Ora, è evidente a chiunque abbia avuto a che fare con il superbonus si sia accorto che in tanti abbiano provato – spesso riuscendoci – a marciarci sopra e che la misura presentasse limiti più o meno gravi, che certamente meritavano di essere corretti. È altrettanto evidente, però, che anche grazie al superbonus tante persone abbiano lavorato, tante aziende non abbiano chiuso, tanti soldi in più, altrimenti fermi, abbiano girato. Il beneficio per tanti c’è stato, indubbiamente, al netto dei soliti furbi, a cui è stata data una ghiotta possibilità di arricchirsi sulle spalle della collettività.

Non ho nessuna particolare simpatia per Conte e non mi interessa proprio difenderlo; le mie sono considerazioni, anche molto banali, su quello che vedo e che ho potuto toccare con mano. Ricordo benissimo di aver partecipato, nell’inverno precedente allo scoppio della pandemia, a una conferenza stampa indetta da Ance Emilia-Romagna, l’associazione regionale dei costruttori edili. Il presidente Stefano Betti, parlando a margine di inquinamento e blocco del traffico, notò come fosse tutto inutile, se la politica non si fosse anche adoperata per incentivare l’efficientamento energetico degli stabili, illustrando un piano di intervento che si fondava su un robusto incentivo, proprio del 110%, per la ristrutturazione degli immobili.

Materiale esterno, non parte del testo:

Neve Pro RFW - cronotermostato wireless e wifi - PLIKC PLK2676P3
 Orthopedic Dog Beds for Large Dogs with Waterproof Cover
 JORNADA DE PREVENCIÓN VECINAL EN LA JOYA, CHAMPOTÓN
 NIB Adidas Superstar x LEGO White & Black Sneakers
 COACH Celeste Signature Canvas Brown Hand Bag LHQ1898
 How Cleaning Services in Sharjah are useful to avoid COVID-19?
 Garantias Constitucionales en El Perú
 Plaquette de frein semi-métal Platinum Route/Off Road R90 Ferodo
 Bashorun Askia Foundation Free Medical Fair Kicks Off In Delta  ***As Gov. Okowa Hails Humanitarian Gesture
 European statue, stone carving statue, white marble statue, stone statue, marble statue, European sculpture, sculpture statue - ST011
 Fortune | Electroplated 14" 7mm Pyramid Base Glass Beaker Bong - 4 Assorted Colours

L’obiettivo duplice sarebbe stato quello di ridurre le emissioni, riducendo le dispersioni di calore da case, uffici e simili, e di rilanciare un settore che, dopo la crisi del 2008, faticava drammaticamente a ripartire. Tutto questo per dire una cosa molto semplice: il Superbonus 110% non è stato un intervento deciso così, debbotto, ma un piano di cui si parlava già da tempo nel nostro Paese, con fondamenti concreti più o meno solidi e molto aderente alla realtà. Che molti immobili disperdano una quantità esorbitante di calore non è, del resto, una gran scoperta. Su una cosa, comunque, siamo tutti d’accordo: è molto più semplice spingere le persone a vivere con il riscaldamento spento e 15°C di temperatura domestica, che prevedere un piano di spesa pubblica per l’ammodernamento delle nostre città.